The people in Washington D.C. – one of the hotbeds in the United States for failed gun control measures – were recently given an exciting victory for their Second Amendment rights. In July, a federal appellate court struck down a law known as the “good reason” law which made it incredibly difficult for anyone living in D.C. to acquire a concealed carry permit.
Under the “good reason” law, citizens of Washington D.C. had to demonstrate that they had a “good reason” for needing a concealed carry permit, such as carrying around large amounts of cash or being a public figure that may make them a target of violence.
For the average person wanting to protect themselves and their family against threats they may face regardless of how much cash they carry or how famous they are, concealed carry permits could not be acquired. In fact, one estimate showed that the D.C.’s Metropolitan Police Department (MPD) denied upwards of 80% of concealed carry application in D.C.
In July of this year, though, The U.S. Court of Appeals for the D.C. Circuit ruled that this law was in violation of the Second Amendment, saying ““The individual right to carry common firearms beyond the home for self-defense—even in densely populated areas, even for those lacking special self-defense needs—falls within the core of the Second Amendment’s protections.” The “good reason” law completely prohibited most residents from exercising this right at all, and unique status or not, Second Amendment protections “don’t give out inside the Beltway.”
After the District unsuccessfully applied for a rehearing of the case in October, D.C. began issuing concealed carry permits without the shackle of the “good reason” law – and it seems as if citizens in D.C. are taking full advantage of their newfound rights. Last year, over a three month period of September, October, and November, there were only three National Instant Criminal Background Check System (NICS) checks done in relation to permits in D.C.. Now, though, in October of this year alone, there have been 145.
While this change in the law and the surge in armed citizens that followed it is certainly a victory for citizens living in Washington D.C., there is still a lot of work to be done. In spite of the “good reason” law being struck down, there are still plenty of regulations that discourage people in D.C. from obtaining a concealed carry permit. Applicants are required to have at least 16 hours of training from an MPD-certified firearms training instructor, at least two hours of range training, and must pay a $75 fee (or a $110 fee if the applicant’s fingerprints are not on file with the MPD).
Even the MPD’s tipsheet on crime prevention and personal safety seems to be at odds with concealed carry permit holders, saying ““[n]ever carry a firearm, knife, or other illegal weapon. A weapon will definitely escalate the situation, and it could ultimately be used to harm innocent people or yourself.”

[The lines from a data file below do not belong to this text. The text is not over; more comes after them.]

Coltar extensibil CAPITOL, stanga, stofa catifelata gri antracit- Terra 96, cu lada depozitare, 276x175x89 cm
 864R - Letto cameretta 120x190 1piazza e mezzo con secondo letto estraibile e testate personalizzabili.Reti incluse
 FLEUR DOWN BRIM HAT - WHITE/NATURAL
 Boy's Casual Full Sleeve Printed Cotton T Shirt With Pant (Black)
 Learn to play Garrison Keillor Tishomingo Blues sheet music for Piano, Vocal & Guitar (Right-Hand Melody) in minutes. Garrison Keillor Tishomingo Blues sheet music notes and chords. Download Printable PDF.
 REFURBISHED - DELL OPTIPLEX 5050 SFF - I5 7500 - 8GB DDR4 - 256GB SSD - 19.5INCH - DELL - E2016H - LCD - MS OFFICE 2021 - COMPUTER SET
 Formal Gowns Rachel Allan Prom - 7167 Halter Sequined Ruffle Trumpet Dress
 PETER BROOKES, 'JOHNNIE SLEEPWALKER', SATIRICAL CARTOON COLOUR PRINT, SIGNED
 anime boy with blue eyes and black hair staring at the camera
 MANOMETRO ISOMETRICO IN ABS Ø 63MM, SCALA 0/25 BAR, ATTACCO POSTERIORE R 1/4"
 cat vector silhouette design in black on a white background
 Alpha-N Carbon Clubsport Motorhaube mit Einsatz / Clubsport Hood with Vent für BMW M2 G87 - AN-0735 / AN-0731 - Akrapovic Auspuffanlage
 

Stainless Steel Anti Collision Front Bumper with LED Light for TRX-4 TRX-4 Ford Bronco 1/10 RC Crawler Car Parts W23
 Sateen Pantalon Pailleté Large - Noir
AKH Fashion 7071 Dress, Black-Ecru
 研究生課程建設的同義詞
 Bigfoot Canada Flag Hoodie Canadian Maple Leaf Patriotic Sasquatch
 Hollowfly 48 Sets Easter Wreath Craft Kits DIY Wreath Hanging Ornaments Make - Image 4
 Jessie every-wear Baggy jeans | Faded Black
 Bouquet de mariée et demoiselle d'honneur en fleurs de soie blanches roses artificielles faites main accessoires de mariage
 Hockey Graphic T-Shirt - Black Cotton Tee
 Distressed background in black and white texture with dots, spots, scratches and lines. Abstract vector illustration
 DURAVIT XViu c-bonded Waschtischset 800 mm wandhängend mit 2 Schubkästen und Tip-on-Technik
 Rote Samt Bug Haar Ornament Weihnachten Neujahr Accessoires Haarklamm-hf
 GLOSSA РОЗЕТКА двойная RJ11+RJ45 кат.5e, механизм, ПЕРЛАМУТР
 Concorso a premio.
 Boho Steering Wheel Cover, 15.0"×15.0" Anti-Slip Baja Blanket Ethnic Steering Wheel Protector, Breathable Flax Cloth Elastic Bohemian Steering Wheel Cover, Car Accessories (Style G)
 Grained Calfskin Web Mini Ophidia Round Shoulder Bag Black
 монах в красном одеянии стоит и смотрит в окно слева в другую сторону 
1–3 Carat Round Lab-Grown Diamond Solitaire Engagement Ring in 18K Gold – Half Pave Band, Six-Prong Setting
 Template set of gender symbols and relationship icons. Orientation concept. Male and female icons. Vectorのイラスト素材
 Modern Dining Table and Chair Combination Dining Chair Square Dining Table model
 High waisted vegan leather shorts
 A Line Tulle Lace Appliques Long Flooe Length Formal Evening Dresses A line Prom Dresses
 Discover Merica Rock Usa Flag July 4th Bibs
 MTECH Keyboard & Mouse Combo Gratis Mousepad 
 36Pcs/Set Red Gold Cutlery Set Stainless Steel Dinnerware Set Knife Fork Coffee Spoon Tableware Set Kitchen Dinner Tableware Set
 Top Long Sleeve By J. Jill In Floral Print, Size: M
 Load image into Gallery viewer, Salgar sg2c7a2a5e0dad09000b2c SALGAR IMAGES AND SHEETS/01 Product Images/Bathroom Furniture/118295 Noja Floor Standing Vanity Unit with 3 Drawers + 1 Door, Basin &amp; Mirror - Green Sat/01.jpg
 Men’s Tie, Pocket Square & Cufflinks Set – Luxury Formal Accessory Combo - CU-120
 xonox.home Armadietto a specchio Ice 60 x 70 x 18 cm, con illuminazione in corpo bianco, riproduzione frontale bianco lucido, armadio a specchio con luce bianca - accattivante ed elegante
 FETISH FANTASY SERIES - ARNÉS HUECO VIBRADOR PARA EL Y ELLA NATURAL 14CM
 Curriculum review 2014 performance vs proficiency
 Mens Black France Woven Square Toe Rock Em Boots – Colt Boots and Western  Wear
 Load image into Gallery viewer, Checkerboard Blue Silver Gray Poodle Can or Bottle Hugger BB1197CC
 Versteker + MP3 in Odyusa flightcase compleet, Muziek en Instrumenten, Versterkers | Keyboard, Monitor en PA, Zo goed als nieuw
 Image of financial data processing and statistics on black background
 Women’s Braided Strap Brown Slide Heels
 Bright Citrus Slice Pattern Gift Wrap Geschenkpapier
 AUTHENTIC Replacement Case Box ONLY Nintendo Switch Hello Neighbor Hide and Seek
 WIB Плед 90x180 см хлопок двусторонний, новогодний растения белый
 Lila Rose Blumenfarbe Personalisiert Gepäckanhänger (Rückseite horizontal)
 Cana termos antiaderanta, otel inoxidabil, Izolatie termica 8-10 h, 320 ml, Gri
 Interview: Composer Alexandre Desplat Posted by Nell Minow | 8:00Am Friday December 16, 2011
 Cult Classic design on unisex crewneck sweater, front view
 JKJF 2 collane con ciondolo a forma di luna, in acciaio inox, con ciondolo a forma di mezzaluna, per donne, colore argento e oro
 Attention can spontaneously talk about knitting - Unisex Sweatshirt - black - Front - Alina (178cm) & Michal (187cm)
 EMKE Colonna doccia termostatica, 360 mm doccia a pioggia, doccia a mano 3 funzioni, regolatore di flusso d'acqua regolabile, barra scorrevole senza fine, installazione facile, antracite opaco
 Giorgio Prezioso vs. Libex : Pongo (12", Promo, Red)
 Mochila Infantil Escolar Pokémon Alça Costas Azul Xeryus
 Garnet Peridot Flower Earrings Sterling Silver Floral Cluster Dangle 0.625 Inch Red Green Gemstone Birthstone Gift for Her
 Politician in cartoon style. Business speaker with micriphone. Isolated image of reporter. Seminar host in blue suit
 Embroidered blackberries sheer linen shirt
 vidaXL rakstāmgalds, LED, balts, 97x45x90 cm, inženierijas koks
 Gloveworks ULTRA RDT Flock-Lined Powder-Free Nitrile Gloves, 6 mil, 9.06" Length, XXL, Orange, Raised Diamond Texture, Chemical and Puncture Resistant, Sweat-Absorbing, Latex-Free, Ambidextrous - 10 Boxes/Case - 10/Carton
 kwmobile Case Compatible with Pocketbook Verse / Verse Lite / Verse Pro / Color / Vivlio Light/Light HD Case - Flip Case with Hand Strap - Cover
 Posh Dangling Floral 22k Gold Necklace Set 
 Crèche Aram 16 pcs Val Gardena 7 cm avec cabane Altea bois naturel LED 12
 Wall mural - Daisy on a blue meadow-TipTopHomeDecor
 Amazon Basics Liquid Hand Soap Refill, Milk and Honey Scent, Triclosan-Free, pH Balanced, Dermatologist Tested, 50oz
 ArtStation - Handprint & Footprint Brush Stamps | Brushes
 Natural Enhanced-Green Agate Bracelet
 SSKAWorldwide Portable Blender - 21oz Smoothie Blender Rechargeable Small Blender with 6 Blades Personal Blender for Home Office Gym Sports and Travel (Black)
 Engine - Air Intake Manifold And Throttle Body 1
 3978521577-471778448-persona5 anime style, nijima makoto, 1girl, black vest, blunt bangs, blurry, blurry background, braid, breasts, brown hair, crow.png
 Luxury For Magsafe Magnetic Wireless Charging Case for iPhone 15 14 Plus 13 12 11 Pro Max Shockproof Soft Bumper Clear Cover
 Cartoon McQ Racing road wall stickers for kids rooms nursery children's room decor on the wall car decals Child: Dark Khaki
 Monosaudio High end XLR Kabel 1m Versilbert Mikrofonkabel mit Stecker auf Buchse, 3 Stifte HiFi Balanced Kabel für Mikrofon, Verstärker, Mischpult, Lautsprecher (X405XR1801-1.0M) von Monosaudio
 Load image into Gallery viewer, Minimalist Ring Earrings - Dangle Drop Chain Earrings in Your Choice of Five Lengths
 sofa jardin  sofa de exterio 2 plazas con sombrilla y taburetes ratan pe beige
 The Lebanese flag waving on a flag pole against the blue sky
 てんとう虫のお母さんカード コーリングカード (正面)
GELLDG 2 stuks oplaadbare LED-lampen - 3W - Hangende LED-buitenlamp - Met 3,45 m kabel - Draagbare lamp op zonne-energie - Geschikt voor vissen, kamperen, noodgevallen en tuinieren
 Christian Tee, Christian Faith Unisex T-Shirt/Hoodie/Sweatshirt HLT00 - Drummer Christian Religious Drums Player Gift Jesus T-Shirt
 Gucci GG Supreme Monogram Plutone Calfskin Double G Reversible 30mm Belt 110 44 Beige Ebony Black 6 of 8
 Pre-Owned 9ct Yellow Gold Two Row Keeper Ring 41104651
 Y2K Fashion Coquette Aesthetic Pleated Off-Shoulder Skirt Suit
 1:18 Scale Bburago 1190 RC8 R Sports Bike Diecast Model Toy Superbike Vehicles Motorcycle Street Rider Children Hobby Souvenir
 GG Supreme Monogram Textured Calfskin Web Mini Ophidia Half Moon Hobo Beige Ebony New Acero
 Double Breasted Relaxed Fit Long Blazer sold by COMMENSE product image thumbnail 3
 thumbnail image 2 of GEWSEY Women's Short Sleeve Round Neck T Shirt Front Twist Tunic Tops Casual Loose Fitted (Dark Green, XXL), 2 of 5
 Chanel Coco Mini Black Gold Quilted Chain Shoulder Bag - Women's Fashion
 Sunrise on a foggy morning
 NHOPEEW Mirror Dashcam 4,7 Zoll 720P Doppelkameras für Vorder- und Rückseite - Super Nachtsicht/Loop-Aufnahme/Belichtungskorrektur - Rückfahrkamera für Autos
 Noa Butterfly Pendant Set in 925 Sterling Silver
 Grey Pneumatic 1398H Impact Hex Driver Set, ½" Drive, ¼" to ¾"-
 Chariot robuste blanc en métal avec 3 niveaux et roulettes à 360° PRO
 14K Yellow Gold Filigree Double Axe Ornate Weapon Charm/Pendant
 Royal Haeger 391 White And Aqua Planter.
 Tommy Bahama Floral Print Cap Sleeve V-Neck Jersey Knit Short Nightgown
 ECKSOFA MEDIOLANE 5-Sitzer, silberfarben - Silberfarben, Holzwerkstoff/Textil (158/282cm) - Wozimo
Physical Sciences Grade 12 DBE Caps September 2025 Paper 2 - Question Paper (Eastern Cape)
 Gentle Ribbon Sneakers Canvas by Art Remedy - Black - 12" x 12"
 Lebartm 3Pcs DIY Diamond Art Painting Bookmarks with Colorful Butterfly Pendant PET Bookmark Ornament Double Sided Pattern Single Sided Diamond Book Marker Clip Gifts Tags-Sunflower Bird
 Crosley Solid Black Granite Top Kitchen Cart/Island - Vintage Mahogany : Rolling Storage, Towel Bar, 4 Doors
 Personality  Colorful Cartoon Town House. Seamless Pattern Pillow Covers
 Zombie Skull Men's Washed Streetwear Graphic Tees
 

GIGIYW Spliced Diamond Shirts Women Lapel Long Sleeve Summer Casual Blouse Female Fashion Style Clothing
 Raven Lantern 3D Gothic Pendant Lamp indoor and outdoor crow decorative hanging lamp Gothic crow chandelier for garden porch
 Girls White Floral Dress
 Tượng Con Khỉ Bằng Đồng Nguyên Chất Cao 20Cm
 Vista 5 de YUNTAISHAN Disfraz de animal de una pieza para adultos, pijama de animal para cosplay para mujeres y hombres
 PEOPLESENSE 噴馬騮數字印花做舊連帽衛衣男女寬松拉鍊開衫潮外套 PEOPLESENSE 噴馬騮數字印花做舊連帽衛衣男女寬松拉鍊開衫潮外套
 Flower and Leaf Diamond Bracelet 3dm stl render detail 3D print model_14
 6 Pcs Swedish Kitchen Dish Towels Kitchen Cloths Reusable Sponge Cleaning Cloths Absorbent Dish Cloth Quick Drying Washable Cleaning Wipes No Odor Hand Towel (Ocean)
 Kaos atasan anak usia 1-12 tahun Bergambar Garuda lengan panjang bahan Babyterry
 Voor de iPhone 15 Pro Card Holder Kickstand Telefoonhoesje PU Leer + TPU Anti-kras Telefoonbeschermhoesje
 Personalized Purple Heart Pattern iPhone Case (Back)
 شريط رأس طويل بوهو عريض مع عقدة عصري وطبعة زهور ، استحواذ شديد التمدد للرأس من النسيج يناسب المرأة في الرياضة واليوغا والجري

Nevertheless, the U.S. Court of Appeals for the D.C. Circuit striking down the “good reason” law is certainly a huge step in the right direction for Second Amendment rights in D.C. – and the District is no doubt a safer place for it. In their argument in favor of the “good reason” law, the District argued that having armed citizens in D.C. would make the District less safe due to the unique number of high profile locations and individuals in the area. Yet crime committed by concealed carry permit holders across the country is all but nonexistent, rendering this argument entirely invalid.
If there’s anything we’ve learned over the course of seeing one criminal after another stopped by an armed, law-abiding citizen, it’s that the only answer for bad guys with guns is good guys with guns. Now, citizens in Washington D.C. can rest a little easier knowing that they are able to defend themselves and the ones they care about most without the government denying them that right by telling them their concerns are not valid enough.